I would be interested in taking on this issue. I was looking at some of the failing cases and noticed that they all involved linearly interpolating between the same number. i.e. in Eric's example all of the percentiles he listed listed are located in between two 9s. Therefore I think the linear interpolation between them must be 9 exactly correct? fixing the problem of linearly interpolating between two number that are the same seems like it would deal with the issues presented in this bug and not cause a noticeable hit in performance. If however we want to ensure that the linear interpolation will be monotonic always, we can do that but It will require a piecewise function that I would think would decrease performance.

ngonzo95 on 16 Oct 2019

@ngonzo95 there should be a way to spell the arithmetic of the interpolation differently to achieve this, i.e. change/rearrange the formula that is used for the calculation (so that it is mathematically identical, but numerically guarantees monotonicity). No piecewise calculation should be necessary.

seberg on 16 Oct 2019

No piecewise calculation should be necessary.

It depends what your requirements on lerp are. Some that we may or may not care about:

monotonic ((lerp(a, b, t1) - lerp(a, b, t0)) * (b - a) * (t1 - t0) >= 0)
bounded (a <= lerp(a, b, t) <= b)
symmetric (lerp(a, b, t) == lerp(b, a, 1-t))

(0 <= t <= 1)

eric-wieser on 16 Oct 2019

Oh OK, I did not expect piecewise to be necessary, but do not know the intrinsicaties of this well enough I guess.

seberg on 16 Oct 2019

looking into it more I discovered that the function a + (b-a)*t has the property of being both monotonic (definition noted above) and consistent (lerp (a, a, t) = a). I believe this should be sufficient for the functions requirements. It seems one of the main draw backs of this function is that lerp(a, b, 1) !=b. However I think the way we are calculating weights ensures that 0<=t<1.

ngonzo95 on 16 Oct 2019

It seems one of the main draw backs of this function is that lerp(a, b, 1) !=b. However I think the way we are calculating weights ensures that 0<=t<1.

Note that unfortunately lerp(a, b. 1-eps) > b) is possible with that formulation.

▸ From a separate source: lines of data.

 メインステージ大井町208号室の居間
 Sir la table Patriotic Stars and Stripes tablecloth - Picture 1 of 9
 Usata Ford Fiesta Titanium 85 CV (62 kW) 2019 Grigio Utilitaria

eric-wieser on 17 Oct 2019

New to the open source.
Wanted to solve this as my good first issue. How can i contribute? Are there any prerequisites?

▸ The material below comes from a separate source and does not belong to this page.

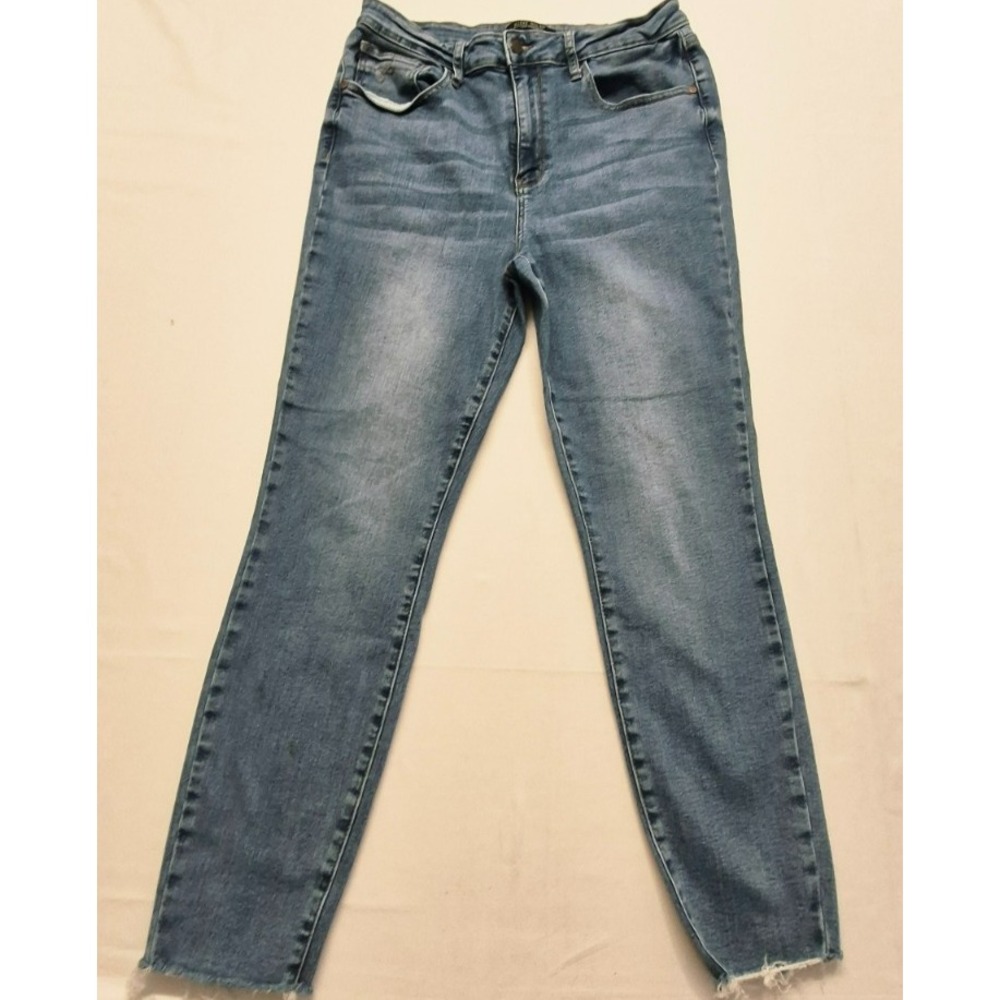 Judy Blue women's relaxed fit distressed denim blue jeans sz. 13/31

anshulshankar on 12 Nov 2019

I was looking at some of the failing cases and noticed that they all involved linearly interpolating between the same number

In scikit-learn, we recently stumbled in this issue: https://github.com/scikit-learn/scikit-learn/issues/15733

Since we expect q to be strictly increasing, we can apply np.maximum.accumulate reorder the array. However, if we could solve the issue in NumPy directly, this would be great. Is there anywhere that we can dig in to have a good fix?